L’auteur du second article énumère, sur la base de son expérience personnelle, les vertus propres au mariage, la solidarité, l’entraide, la mise en commun des biens et des responsabilités. Son caractère public, son officialité même le renforcent dans la durée. Il est remarquable qu’un journaliste communiste reconnaisse la réalité spécifique et les apports irremplaçables de cette forme particulière de relation humaine qu’est la communauté familiale, où le tout est plus que la somme des parties, où l’individu se réoriente en fonction du bien commun et dans laquelle l’homme réalise plus complètement son humanité.

Pourquoi s’arrêter en si bon chemin? Le couple, germe de la famille, est sans doute la plus évidente des communautés, mais il y en a d’autres.

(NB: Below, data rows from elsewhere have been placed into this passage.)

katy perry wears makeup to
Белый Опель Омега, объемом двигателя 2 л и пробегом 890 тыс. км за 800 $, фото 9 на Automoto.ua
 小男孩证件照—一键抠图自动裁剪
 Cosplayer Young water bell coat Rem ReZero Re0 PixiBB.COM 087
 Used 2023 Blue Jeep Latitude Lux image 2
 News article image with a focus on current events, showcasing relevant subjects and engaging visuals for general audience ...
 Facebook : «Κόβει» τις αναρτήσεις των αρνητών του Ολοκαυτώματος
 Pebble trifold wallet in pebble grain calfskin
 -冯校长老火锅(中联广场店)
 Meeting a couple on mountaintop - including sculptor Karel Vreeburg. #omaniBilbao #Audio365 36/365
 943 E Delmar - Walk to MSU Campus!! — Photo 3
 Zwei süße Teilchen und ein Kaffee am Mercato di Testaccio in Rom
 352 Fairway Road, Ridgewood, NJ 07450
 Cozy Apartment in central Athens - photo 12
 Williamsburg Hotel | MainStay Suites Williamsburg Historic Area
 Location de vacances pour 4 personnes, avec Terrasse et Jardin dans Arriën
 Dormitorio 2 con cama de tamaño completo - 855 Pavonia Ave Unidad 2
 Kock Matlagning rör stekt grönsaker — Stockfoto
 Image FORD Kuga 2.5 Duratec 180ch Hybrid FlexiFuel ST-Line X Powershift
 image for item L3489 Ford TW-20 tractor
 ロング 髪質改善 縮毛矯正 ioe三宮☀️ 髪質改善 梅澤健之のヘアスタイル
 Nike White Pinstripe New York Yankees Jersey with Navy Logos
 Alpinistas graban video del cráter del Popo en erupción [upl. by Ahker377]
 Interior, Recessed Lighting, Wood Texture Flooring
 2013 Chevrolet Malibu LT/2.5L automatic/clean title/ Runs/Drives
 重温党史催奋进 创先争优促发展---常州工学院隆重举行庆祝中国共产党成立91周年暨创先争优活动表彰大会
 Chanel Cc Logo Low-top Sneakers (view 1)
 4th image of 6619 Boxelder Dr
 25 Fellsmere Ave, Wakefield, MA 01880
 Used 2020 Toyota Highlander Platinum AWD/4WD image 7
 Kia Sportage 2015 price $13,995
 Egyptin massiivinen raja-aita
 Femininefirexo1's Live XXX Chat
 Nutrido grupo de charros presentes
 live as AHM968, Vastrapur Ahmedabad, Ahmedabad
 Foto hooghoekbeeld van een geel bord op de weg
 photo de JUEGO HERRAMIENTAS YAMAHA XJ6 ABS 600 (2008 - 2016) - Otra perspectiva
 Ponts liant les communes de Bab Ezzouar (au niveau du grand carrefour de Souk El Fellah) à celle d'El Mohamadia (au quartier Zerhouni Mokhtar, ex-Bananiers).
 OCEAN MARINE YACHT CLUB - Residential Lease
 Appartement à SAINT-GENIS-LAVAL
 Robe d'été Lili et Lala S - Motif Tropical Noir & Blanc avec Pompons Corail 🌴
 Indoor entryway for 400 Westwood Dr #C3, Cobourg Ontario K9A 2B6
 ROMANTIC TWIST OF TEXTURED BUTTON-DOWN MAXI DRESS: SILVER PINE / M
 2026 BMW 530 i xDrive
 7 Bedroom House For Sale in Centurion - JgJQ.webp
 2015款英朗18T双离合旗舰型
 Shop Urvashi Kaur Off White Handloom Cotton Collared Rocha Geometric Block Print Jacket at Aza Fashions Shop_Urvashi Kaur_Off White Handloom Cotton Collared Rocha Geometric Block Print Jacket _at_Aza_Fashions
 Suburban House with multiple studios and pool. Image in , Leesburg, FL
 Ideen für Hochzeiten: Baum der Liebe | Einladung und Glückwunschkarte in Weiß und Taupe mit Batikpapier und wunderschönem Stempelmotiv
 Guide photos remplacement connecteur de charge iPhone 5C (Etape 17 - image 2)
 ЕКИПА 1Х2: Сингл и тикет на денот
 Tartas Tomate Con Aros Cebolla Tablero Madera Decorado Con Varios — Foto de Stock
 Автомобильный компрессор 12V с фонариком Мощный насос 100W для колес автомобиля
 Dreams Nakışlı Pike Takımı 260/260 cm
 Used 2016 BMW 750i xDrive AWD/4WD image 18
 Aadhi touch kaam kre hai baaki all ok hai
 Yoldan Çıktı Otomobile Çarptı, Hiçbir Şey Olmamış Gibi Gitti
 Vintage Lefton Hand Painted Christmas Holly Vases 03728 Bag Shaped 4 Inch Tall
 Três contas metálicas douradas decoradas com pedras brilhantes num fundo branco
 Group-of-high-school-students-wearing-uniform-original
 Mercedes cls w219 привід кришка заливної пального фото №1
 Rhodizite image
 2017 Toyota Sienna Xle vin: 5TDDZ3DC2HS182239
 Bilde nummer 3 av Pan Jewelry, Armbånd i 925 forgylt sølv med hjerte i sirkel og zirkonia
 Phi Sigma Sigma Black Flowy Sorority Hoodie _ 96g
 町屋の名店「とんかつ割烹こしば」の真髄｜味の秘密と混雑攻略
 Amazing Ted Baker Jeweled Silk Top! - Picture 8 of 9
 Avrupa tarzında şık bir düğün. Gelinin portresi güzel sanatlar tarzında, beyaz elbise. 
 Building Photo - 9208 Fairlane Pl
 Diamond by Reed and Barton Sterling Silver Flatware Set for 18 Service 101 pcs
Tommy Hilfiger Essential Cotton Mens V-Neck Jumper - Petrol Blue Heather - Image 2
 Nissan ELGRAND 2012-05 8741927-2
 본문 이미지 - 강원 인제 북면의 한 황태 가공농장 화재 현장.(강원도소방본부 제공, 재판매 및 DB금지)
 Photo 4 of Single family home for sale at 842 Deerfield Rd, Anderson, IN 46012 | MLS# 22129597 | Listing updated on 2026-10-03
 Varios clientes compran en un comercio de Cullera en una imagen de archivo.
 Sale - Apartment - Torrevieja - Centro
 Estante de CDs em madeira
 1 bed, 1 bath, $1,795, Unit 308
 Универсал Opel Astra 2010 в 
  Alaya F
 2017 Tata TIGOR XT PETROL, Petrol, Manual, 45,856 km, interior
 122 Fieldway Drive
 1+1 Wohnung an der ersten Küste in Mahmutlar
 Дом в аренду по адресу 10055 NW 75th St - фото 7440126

En recourant à la même approche empirique, M. Roquet discernerait semblablement les apports humains de la communauté professionnelle, par exemple, qui lie les «partenaires sociaux» et protège les employés de toute catégorie contre l’exploitation à outrance et la prolétarisation.

Et ce n’est pas moins vrai des autres communautés, dites «intermédiaires», plus ou moins étendues, plus ou moins profondes, plus ou moins nécessaires. Qu’elles soient religieuses, entrepreneuriales, estudiantines, culturelles ou de politique locale, les liens qu’elles établissent, avec leurs contraintes, leurs privilèges et leurs libertés spécifiques, pourvoient la personne d’une marge d’autonomie concrète, tout en la préservant à la fois de la solitude individuelle et de l’uniformité totalitaire.

Il en va encore de même avec la nation, structurée en Etat, qui protège ces liens libérateurs contre les menaces de dissolution, en particulier, aujourd’hui, le mondialisme économique et financier. On se réjouit de lire, dans un prochain Pages de gauche, une apologie de la communauté nationale.